Company forced to downsize following suspected embezzlement (9/24/09)

Sept. 24, 2009

By Tim Simard

Observer staff

After discovering that a former employee allegedly embezzled tens of thousands of dollars over a four-year period, a local sporting goods company has decided to shut down the retail portion of its business.


    Observer photo by Tim Simard
New Horizons in Sports, pictured above on Adams Drive, plans to cease retail operations this month following charges of embezzlement against a former employee.


    Courtesy photo
Patrick Taze Huntley allegedly embezzled more than $44,000 from New Horizons over a period of more than four years.

New Horizons in Sports, located off U.S. 2 on Adams Drive, is closing its athletic clothing and equipment retail store this month, but will continue as an embroidery and screen-printing business, according Nancy Johnson, who co-owns the store with her husband, Les Johnson. The store’s Internet business, located at, will also continue, she added.

According to Williston Police, Patrick Taze Huntley, 56, of Underhill, stole more than $44,300 during four-and-a-half years of employment. Nancy Johnson said Huntley was the company’s controller and had access to all of New Horizons’ bank accounts.

Police charged Huntley with felony embezzlement, which carries a minimum of two years in prison with a conviction. He is due to be arraigned in Vermont District Court on Oct. 6.

The company sells athletic clothing and equipment to local schools and community teams. It also embroiders and screen-prints team names and logos on clothing. The business has been around since 1973, when the Johnsons started the screen-printing side of the business with a focus on soccer. The company has been located in Williston since 1989.

“I’m devastated with the fact that I couldn’t trust someone who was so much a part of this company,” Nancy Johnson said.

Huntley could not be reached for comment.

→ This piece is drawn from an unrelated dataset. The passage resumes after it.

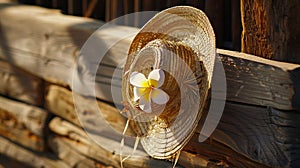 Generative AI Old straw hat with an artificial flower hangs on a wooden fence on the street at the ethnographic vi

Williston Police officer William Charbonneau said Huntley was arrested in April after a preliminary investigation. Charbonneau said an employee approached the Johnsons with concerns that Huntley may have been misappropriating funds. After looking at credit card statements, the Johnsons noticed “a pattern” of missing money, Charbonneau said.

Charbonneau said Huntley confessed to skimming money from credit card payments when questioned by police in April.

“The investigation concluded that it wasn’t just credit cards,” Charbonneau said.

After nearly five months of investigating, police allege that Huntley stole money from numerous store accounts. He used the money to pay for dinners, fuel and RV loan payments, among other things, according to police.

Johnson said she considered Huntley a friend and good worker until her “trust was shaken” by the alleged embezzlement. The missing money left the store in debt, and now the Johnsons will try to reclaim some of the lost funds through a lawsuit against Huntley.

In the meantime, New Horizons will close its retail store as the company significantly downsizes.

“We just don’t want to deal with employees anymore,” Johnson said. “This has just taken our confidence away.”

Johnson said her company has employed up to 18 workers. With just the screen-printing and embroidery operations remaining, she said she’d retain only two or three employees. New Horizons will not stay at its current Williston location and will move in October, although Nancy Johnson was unsure where the company would relocate.